1) I'm fat. I'm not like "Oh she's chubby." I'm like "Whoaa, she's big!" And trust me. I'm not one of those 5'7",90 pounds anorexic girls complaining about looking like an elephant (no offense to them, I don't know what they're going through.) I've checked my BMI 100 times over and over, and I even had to double check. It's that bad.

2) I'm ugly. I'm not even "plain" or "okay" I'm ugly. The last time I was called pretty by someone other than [lying] family and friend(s) was when I was 6. I'm 14/15 now.

3) I'm stupid. I feel like I'm smart, but for one reason I can't release it. To be honest, I have to dumb myself down in every situation. I play the dumb one in my group of friends which pisses me off, but what can I do? If I try to speak articulately, I'll just get ignored (like usual.)

4) I hate being my race. I hate the stereotypes that follow it and I hate alot of people in it. I've always wished that I could be another race but that isn't possible. I also hate being in this skin, with the color.

5) I have no talents. None, nada, zero, etc. I can't do anything good. I suck at everything athletic, academic, creativity. It's like in heaven they were like:
"Hey shouldn't we give atleast one good thing to this baby?"
"Naahhhhh, we don't have time. Just group her in with the other losers-to-be."

5) My family is broken up. Me and my two siblings are all from different mothers. My dad doesn't live at home with me any more. He says that he's moved because he's in debt and stuff, but I'm sure the fact that he and my mom don't love achother anymore helps. My older brother who used to always bring me out of bad moods is now many fars away and is living with his mom (she has heart problems.) I haven't seen my little sister in over a year. The perfect family, eh?

This one will have some cursing and I'm not sure if swear words are filtered out of the text on this forum, so be warned.

6) My social life is beyond pitiful. I hate to curse but I have to say it, I get treated like shit. Plain and simple. My classmates ignore me and walk all over me. My "friends" treat me like an idiot and walk all over me too. I have no guys friends. No matter how much I try I can never be up to standards. All my friends are more liked than me and there is no one that I can relate to. Whenever a "friend" comes in the room, they'll walk right b me and hug everyone else. Even my teachers don't get it. No one does.

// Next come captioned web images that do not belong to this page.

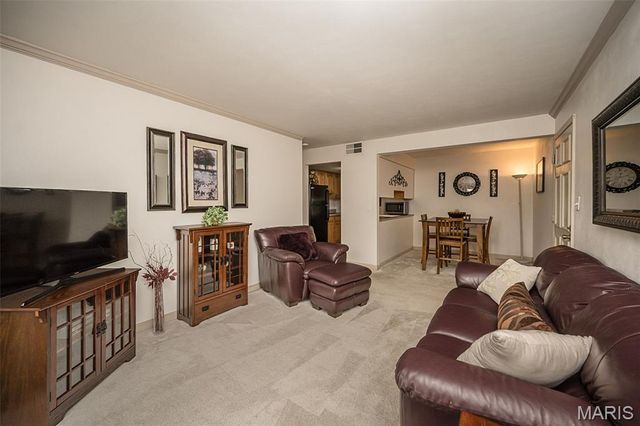 1090 Mersey Bend Drive A, St Louis, MO 63129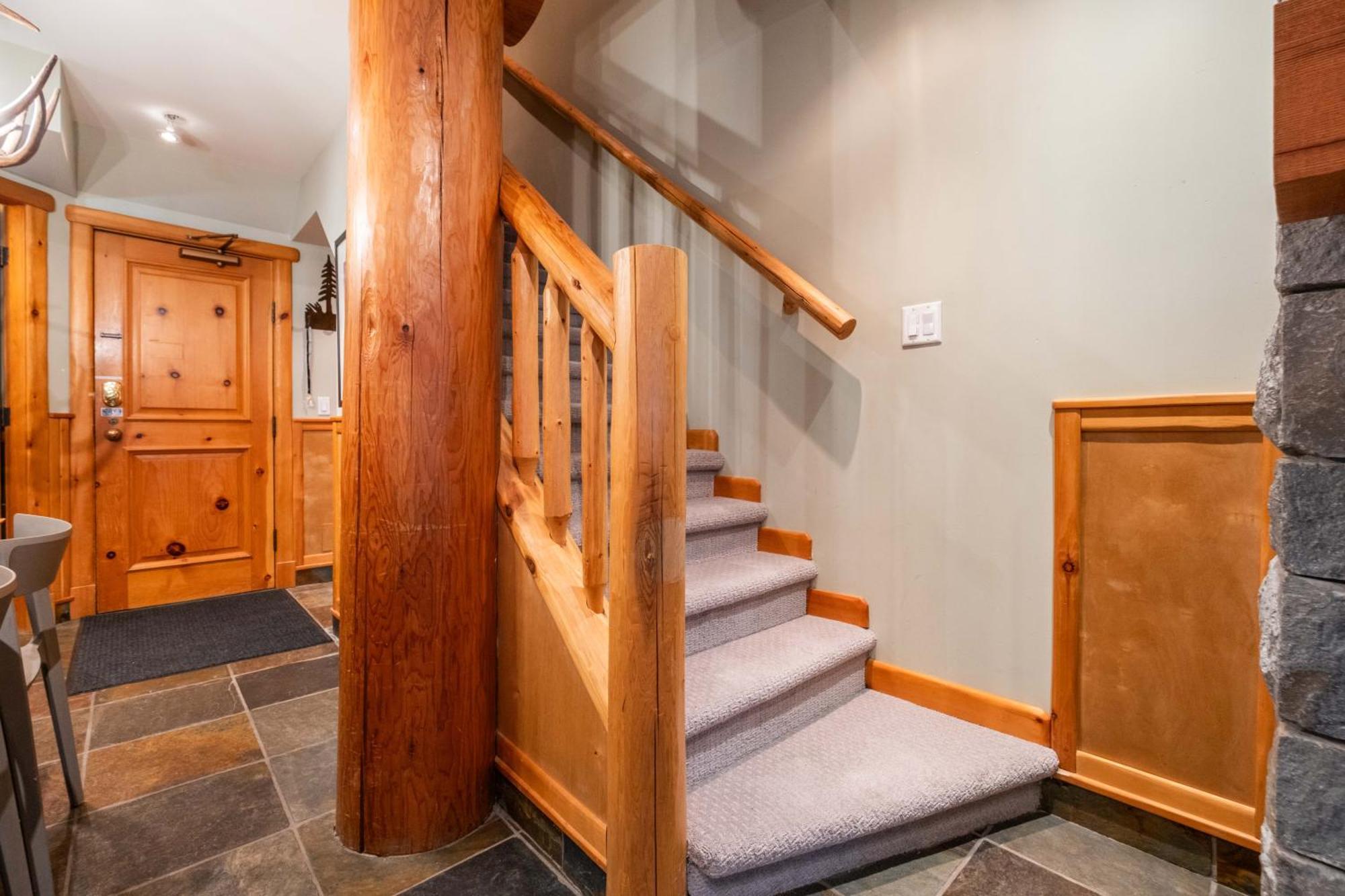 Rainbow By Outpost Whistler Holiday home Whistler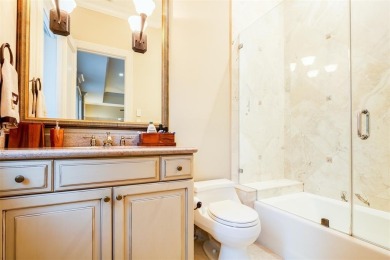 Stunning Point Lot Estate in Las Olas' Prestigious & Gated Seven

No it doesn not get better! It stays the fucking same. And I'm too fucking tired of this! Too fucking tired! I'm crying as I write this but does any one care? No! Why not? Because I'm a fucking worthless dipshit and deserve to be nothing. Which-guess what? I am. I'm useless. Just a bag of crap is what I am. I'm tired of crying and woshing for better. I'm tired of coming home everyday after school and screaming and bleeding my eyes ot because I had to go though the same crap again. I can't trus anybody anymore. Are they really as nice as they seem. Of course not. They are all just fake and are waiting for me to get attached so then they can just ditch me and treat me like dirt. I've NEVER done anything wrong! I sit at night alone and ask God what I've done to deserve this! I try to be nice and kind and nonviolent but then everybody still leaves or pushes me back down. Did I do something horrible in my past lives? I know I don't have it the worst but does that still mean that I have to suffer with what I have? It shouldn't. That's why I want to die so badly. I've given up hope. It's so laughable. Serioulsy, hope for what? Hope to ge fatter? Get no guy? Get no love? Get no kids? Get no respec. Get dumber? Get more teasing? Get more people to leave me? I'm tired of all of this. I know it's sick but lately I've been fantasizing about the counltess ways to kill myself. And don't even get me started on the suicide note. Everybody that's ever hurt me will be emphasized and have their name underlined, bolded, italicized- the whole deal. I'll make sure that even though they wont get charged for my death, they will still have a guilt to live with. Maybe they'll learn to stop being assholes. Or maybe they just wont care at all. Maybe they'll just ask "Marissa, who?" It's not like I wasn't dead already. :laugh: Hah! This is all too good isn't it?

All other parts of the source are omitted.